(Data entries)
==*==
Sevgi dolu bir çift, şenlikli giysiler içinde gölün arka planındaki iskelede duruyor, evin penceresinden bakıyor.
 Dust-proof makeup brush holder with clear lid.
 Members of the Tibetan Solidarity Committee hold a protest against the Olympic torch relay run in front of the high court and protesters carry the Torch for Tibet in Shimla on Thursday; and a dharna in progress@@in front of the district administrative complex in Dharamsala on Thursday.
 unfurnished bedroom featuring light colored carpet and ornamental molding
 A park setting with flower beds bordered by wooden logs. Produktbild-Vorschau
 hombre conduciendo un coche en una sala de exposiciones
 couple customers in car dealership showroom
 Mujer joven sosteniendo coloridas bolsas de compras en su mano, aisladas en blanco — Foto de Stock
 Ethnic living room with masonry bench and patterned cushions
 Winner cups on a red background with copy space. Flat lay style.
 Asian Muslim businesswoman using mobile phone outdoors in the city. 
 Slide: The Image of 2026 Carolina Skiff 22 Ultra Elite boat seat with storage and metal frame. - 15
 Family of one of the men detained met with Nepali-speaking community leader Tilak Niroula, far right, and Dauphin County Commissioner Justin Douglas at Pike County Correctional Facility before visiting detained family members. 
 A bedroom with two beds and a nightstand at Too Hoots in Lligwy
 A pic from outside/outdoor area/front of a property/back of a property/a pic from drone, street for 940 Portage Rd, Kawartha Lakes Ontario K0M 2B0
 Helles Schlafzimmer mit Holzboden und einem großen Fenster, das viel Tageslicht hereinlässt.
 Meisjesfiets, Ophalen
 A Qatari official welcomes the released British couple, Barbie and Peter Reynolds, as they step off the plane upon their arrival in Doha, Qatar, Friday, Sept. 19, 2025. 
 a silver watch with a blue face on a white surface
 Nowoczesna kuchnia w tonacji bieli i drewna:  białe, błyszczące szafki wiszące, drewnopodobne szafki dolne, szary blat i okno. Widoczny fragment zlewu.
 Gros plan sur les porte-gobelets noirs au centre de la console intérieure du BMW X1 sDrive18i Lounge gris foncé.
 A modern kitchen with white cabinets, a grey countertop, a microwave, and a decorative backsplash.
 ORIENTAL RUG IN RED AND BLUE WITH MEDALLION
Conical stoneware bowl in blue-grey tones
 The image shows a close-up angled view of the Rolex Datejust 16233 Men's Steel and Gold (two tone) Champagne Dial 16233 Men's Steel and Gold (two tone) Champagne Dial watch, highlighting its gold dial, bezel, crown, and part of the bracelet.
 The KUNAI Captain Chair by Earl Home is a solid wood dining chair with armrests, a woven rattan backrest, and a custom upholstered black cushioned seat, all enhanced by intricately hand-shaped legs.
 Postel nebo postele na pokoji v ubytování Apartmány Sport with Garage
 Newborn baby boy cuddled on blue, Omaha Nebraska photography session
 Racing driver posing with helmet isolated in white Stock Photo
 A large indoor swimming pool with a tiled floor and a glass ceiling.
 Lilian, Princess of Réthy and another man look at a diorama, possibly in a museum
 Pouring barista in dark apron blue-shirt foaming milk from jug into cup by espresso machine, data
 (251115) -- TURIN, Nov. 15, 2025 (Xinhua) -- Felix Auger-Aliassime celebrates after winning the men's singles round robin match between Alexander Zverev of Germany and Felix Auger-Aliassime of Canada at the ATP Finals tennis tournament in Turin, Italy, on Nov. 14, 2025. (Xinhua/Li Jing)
==*==
> [Exercise directions] Both the line containing "Mujer joven sosteniendo" and the line containing "ORIENTAL RUG IN RED AND BLUE WITH MEDALLION" belong in the answer. Print them and every line above that falls between them exactly, and no others.

> [Written response]
 Mujer joven sosteniendo coloridas bolsas de compras en su mano, aisladas en blanco — Foto de Stock
 Ethnic living room with masonry bench and patterned cushions
 Winner cups on a red background with copy space. Flat lay style.
 Asian Muslim businesswoman using mobile phone outdoors in the city. 
 Slide: The Image of 2026 Carolina Skiff 22 Ultra Elite boat seat with storage and metal frame. - 15
 Family of one of the men detained met with Nepali-speaking community leader Tilak Niroula, far right, and Dauphin County Commissioner Justin Douglas at Pike County Correctional Facility before visiting detained family members. 
 A bedroom with two beds and a nightstand at Too Hoots in Lligwy
 A pic from outside/outdoor area/front of a property/back of a property/a pic from drone, street for 940 Portage Rd, Kawartha Lakes Ontario K0M 2B0
 Helles Schlafzimmer mit Holzboden und einem großen Fenster, das viel Tageslicht hereinlässt.
 Meisjesfiets, Ophalen
 A Qatari official welcomes the released British couple, Barbie and Peter Reynolds, as they step off the plane upon their arrival in Doha, Qatar, Friday, Sept. 19, 2025. 
 a silver watch with a blue face on a white surface
 Nowoczesna kuchnia w tonacji bieli i drewna:  białe, błyszczące szafki wiszące, drewnopodobne szafki dolne, szary blat i okno. Widoczny fragment zlewu.
 Gros plan sur les porte-gobelets noirs au centre de la console intérieure du BMW X1 sDrive18i Lounge gris foncé.
 A modern kitchen with white cabinets, a grey countertop, a microwave, and a decorative backsplash.
 ORIENTAL RUG IN RED AND BLUE WITH MEDALLION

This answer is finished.